### Task objective
Find the lines in the records that carry the word "Pants". Copy each one.

►

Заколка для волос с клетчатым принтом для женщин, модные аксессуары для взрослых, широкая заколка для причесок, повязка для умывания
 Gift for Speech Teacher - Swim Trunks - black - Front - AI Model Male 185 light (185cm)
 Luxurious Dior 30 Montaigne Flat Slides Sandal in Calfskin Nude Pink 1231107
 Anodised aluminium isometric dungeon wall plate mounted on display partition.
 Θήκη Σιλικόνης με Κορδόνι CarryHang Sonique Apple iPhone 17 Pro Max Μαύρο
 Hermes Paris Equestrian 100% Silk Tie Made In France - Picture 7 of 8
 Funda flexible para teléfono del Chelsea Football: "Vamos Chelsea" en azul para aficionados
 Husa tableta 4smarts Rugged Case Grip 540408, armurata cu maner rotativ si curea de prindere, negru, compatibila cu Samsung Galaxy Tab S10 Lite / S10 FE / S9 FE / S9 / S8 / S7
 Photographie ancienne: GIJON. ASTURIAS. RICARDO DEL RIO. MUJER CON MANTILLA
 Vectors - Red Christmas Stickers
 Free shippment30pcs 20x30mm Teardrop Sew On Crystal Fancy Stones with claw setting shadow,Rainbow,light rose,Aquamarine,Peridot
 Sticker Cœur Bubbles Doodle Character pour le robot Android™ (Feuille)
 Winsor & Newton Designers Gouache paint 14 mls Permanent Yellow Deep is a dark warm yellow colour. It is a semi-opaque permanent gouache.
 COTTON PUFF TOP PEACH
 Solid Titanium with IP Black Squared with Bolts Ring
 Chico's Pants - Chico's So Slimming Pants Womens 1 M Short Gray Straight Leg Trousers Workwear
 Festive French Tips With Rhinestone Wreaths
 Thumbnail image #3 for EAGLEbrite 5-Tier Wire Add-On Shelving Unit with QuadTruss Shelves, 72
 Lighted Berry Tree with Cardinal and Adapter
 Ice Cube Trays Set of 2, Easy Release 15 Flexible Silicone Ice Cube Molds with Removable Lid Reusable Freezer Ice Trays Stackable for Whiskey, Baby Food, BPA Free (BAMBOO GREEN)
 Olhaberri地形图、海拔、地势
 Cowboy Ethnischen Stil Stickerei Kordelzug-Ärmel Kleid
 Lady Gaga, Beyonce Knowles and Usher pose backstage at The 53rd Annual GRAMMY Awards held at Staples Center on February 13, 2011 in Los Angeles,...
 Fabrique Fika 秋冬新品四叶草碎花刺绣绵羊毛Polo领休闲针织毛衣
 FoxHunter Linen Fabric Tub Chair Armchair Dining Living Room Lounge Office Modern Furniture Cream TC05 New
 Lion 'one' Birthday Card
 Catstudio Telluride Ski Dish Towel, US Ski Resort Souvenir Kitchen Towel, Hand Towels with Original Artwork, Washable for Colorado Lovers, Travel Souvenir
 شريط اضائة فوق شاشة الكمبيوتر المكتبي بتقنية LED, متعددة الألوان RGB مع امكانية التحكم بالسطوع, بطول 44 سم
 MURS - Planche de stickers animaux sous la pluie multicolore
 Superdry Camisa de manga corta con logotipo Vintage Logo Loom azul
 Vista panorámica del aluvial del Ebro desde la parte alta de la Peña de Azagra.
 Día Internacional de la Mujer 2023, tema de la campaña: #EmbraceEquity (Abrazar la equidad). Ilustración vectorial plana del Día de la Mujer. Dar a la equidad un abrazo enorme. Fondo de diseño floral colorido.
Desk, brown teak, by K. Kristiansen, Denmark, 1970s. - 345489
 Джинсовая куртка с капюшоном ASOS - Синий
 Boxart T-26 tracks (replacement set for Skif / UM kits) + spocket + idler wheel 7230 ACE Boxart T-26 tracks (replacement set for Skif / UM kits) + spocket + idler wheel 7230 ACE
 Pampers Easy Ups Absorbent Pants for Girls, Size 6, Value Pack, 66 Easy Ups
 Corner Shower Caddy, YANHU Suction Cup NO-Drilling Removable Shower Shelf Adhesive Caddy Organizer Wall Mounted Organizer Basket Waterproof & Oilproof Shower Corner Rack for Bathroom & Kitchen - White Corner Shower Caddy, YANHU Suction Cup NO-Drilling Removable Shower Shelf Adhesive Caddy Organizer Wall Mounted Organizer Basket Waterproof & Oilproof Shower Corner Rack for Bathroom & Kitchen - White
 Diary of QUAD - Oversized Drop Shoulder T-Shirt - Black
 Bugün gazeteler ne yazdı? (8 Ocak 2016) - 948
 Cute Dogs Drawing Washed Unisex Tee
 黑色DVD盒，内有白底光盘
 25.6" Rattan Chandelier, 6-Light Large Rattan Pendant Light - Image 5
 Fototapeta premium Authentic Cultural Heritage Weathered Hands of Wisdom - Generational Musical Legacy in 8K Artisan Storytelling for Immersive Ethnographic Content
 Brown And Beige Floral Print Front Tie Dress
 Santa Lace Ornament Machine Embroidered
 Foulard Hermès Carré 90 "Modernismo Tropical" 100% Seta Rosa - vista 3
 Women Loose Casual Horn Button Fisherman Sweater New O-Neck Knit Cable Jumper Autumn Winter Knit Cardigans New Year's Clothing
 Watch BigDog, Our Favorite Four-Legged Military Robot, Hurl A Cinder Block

◄

### Response below
 Chico's Pants - Chico's So Slimming Pants Womens 1 M Short Gray Straight Leg Trousers Workwear
 Pampers Easy Ups Absorbent Pants for Girls, Size 6, Value Pack, 66 Easy Ups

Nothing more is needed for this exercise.